The storage medium should be in a form that could be extracted efficiently, but not rapidly, nor without special equipment, nor in particular inconspicuously. It should be indifferent to earthquake, fire or flood, and in particular to corrosion. Something like hundred-tonne cargo containers with special multiple walls and requiring special tools and much time to breach, and producing long-range distress signals if moved without approval, should do nicely. They even might be powered by waste heat from their own contents. Compared to alternatives such as vitrification (not to mention lifting into space) such storage would be dirt cheap and it all could be used up long before all the important half-lives had expired.
So who needs space launching or deep burial or indeed, long term storage at all? A few centuries should be plenty. Anything likely to survive after that, we could cheerfully burn down to inactivity in a high neutron flux unit.

 

[Jon Richfield]

@Astronuc in particular, but anyone is welcome. A question: I am keen on nukes, but am no nuclear engineer, and I had for long been under the impression that nuclear plants could be scrammed, typically by dumping them into enough water. Then came Fukushima. Wellll... there was a slight hiccup as Jim Hardy observed, concerning tsunamis, but not that the tsunamis never actually broke the plants badly. As I understand it the problem was
1: The tsunamis certainly did disrupt infrastructure in the region.
2: Water supply for scramming depended on the infrastructure.
All the other items I could have regarded with equanimity, but that combination struck me (a nuke freak, please note!) as simply crazy. To have ANY dependence on ANYTHING not fail-soft I would regard as totally nuts. So it would mean maintaining a reservoir of what... a million tonnes of water uselessly (pick a figure)? Under conditions that require no power to supply? And that would have cost how many millions of dollars extra? As compared to what the present rectification is costing and the direct harm that is accruing? (Never mind the political harm!)
SO: am I overlooking something?
And: let me guess: Fukushima is not the only place where fail-safe scramming is not available?

 

[Astronuc]

As we understand the information from TEPCO, the operating reactors at Fukushima (Units 1, 2 and 3) did scram on signals related to the earthquake. The nuclear reaction did shutdown. BWR control rods are hydraulically operated, and all rods, as far as we know, were inserted as designed.

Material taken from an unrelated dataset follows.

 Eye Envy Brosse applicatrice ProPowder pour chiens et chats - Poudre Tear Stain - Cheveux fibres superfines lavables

However, after a reactor shuts down, there are still fission products undergoing beta decay (or alpha decay for some transuranics), and gamma decay. The 'decay heat' must be removed by the coolant. After the coolant pumps shutdown, there should be a residual heat removal system that continues to circulate water to cool the reactor core. That heat is transferred through heat exchangers to the environment - in the case the ocean (other plants discharge heat to rivers, lakes or reservoirs, or in cooling towers to the atmosphere).

There is are simple overview of decay heat as it relates to the Fukushima reactors here - http://mitnse.com/2011/03/16/what-is-decay-heat/

Note the heat rate as a function of time after the accident.

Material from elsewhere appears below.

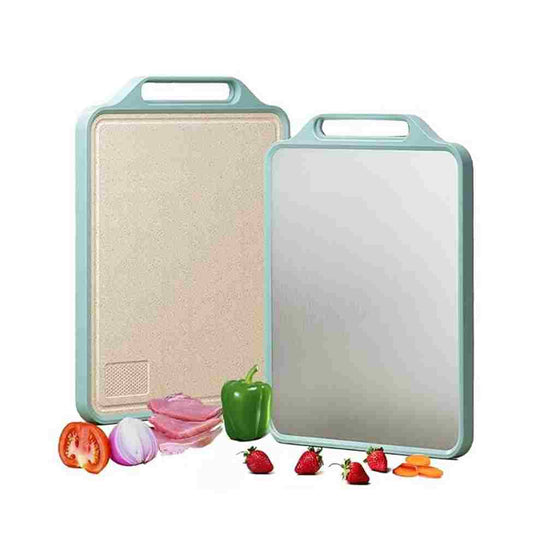 LX INDIA Chopping Board URBANFIX Two Sided Large Steel Chopping Cutting Board for Kitchen 39.5L x 30.5W x 1.5Th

The problem at Fukushima is that they lost the cooling of the reactor. It appears that some of the piping may have broken, in which case, water simply drained out of the pressure vessel without getting to the core. A core sitting in stagnant steam can get pretty hot, and in steam, oxidation may take place, and that is where the hydrogen would be generated. The hydrogen leaked out and ignited causing the explosions that further damaged the containment.

Without heat removal from the core, the fuel temperature continues to rise. I suspect there where chemical reactions between the fuel and coolant, and it's possible the fuel cladding and core structure began to melt. From the release of fission products, we know the fuel in the core was breached. Xe, Kr gases, and I, which is a volatile, were released, while most of the other fission products would dissolved in the water.